* Assignment
Restate word for word the section of the entries that opens at the line containing "Eliminate Warts, Blackheads, and" and closes at the line containing "เสริมจมูก Vectra 3D Imaging Design", both lines kept, pictures dropped.

* Task data
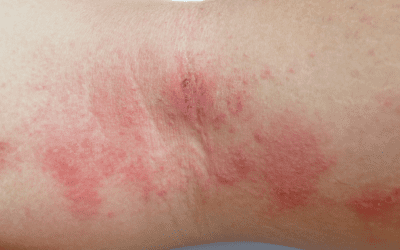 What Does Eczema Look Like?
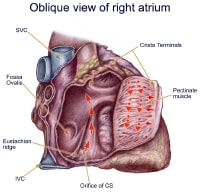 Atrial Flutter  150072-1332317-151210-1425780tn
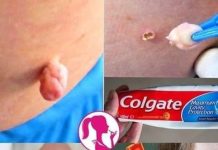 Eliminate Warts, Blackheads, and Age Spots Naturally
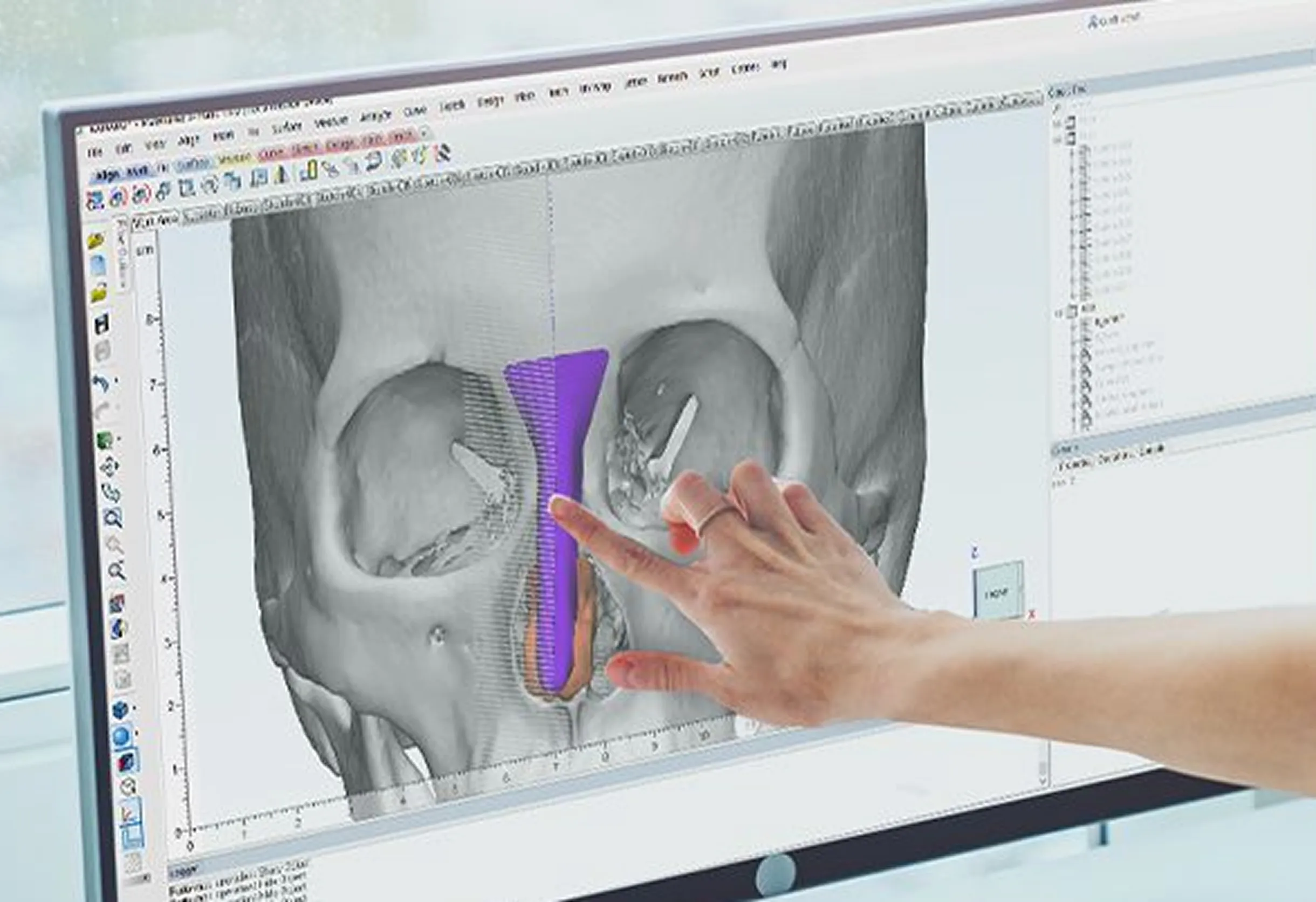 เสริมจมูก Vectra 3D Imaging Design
...
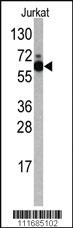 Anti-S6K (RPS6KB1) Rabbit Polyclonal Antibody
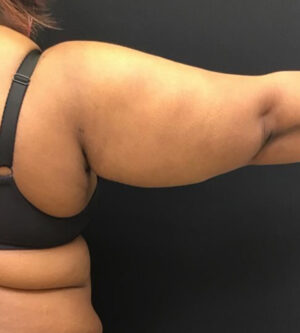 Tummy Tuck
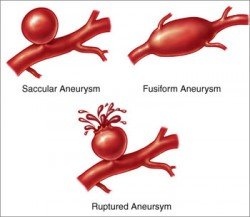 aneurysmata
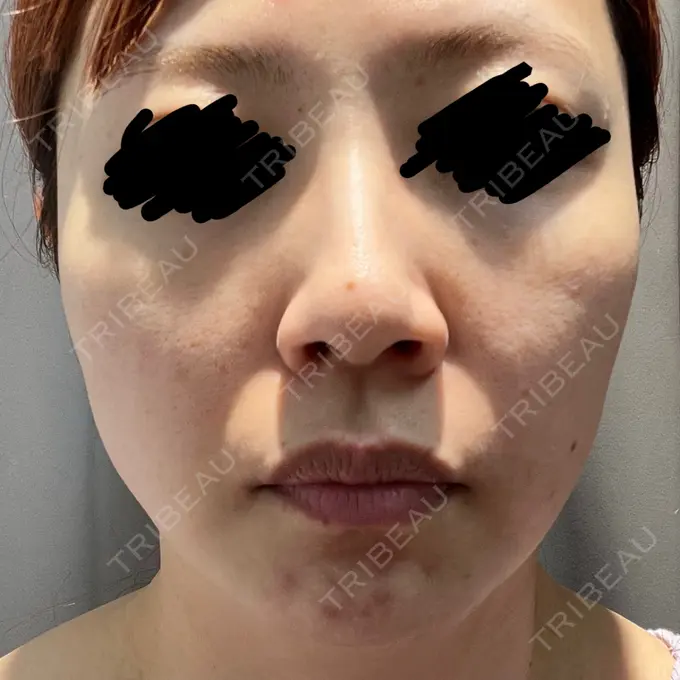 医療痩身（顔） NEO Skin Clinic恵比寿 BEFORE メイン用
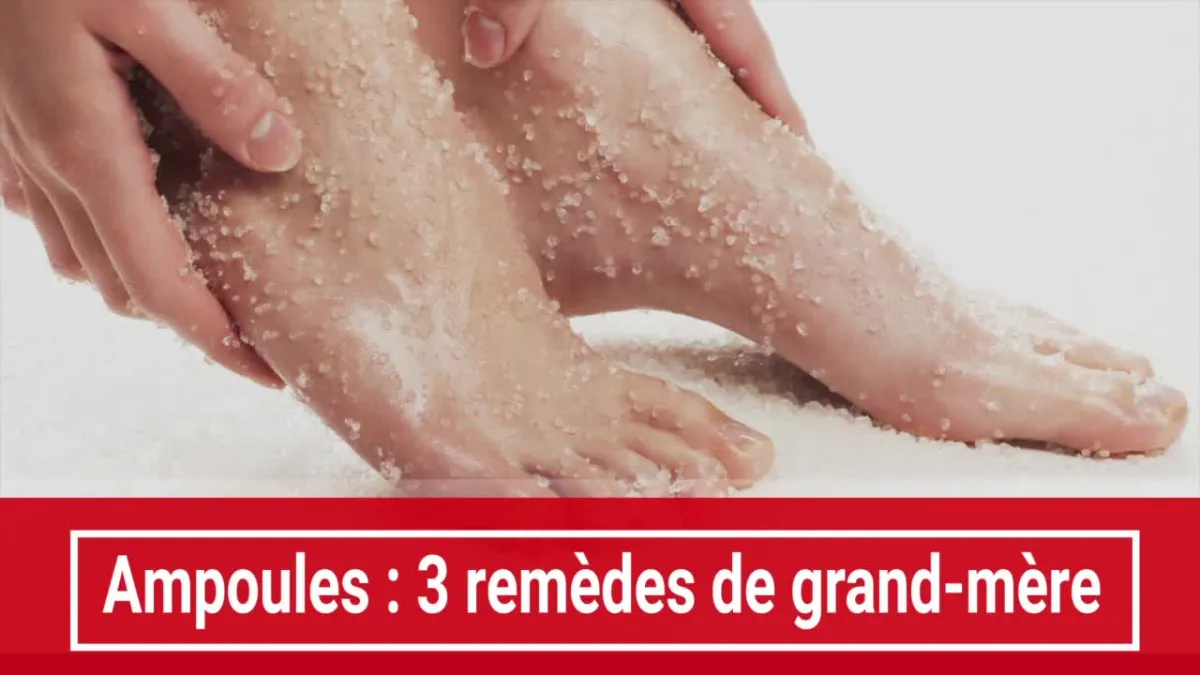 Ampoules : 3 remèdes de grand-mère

* Result of this task
 Eliminate Warts, Blackheads, and Age Spots Naturally
 เสริมจมูก Vectra 3D Imaging Design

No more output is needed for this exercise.